Segment Open

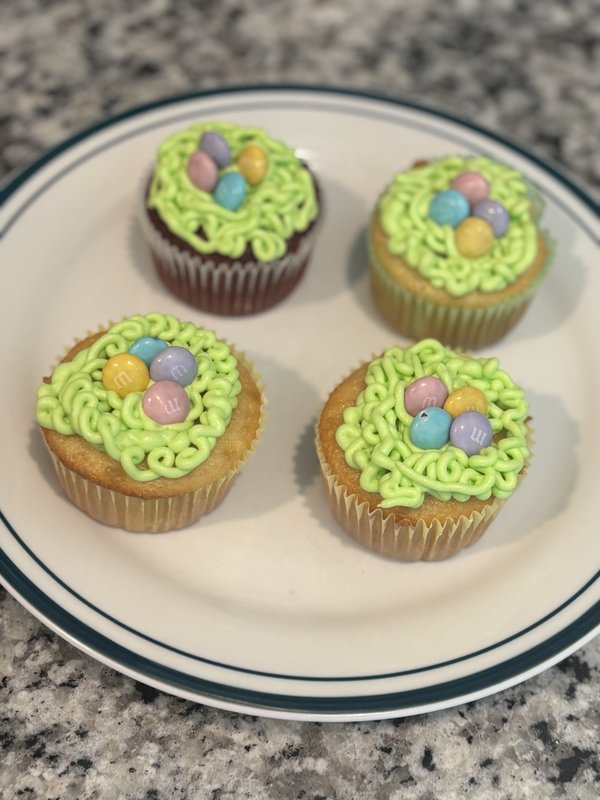 Cupcakes piped with green grass nests filled with pastel candy eggs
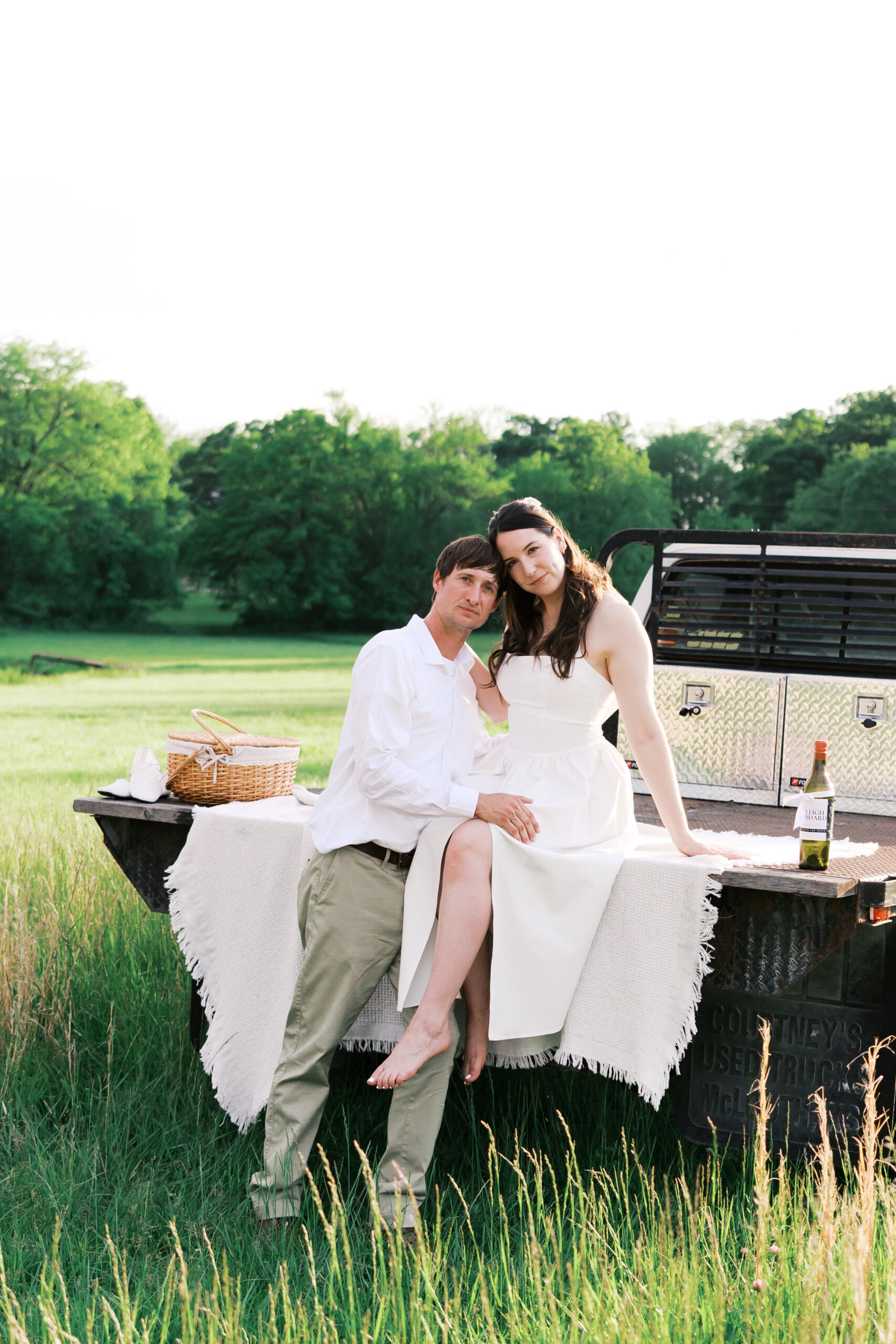 Engaged couple sitting on a truck tailbed with a picnic setup at the client's home.
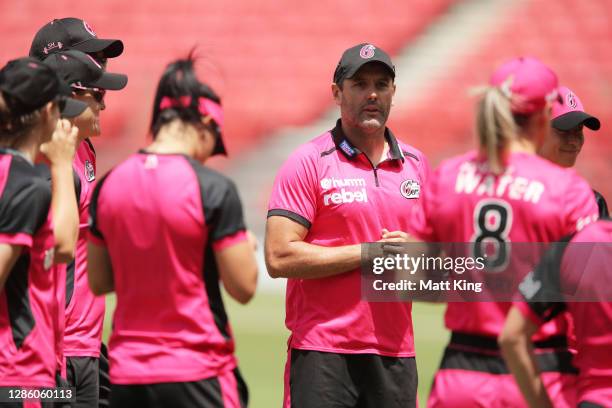 Sixers head coach Ben Sawyer speaks to players prior to the Women's Big Bash League WBBL match between the Sydney Sixers and the Brisbane Heat at...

Segment Closed

Each line from the one containing "Engaged couple sitting" through the last line of the listing is to be given again exactly, with no pictures and no other lines.

 Engaged couple sitting on a truck tailbed with a picnic setup at the client's home.
 Sixers head coach Ben Sawyer speaks to players prior to the Women's Big Bash League WBBL match between the Sydney Sixers and the Brisbane Heat at...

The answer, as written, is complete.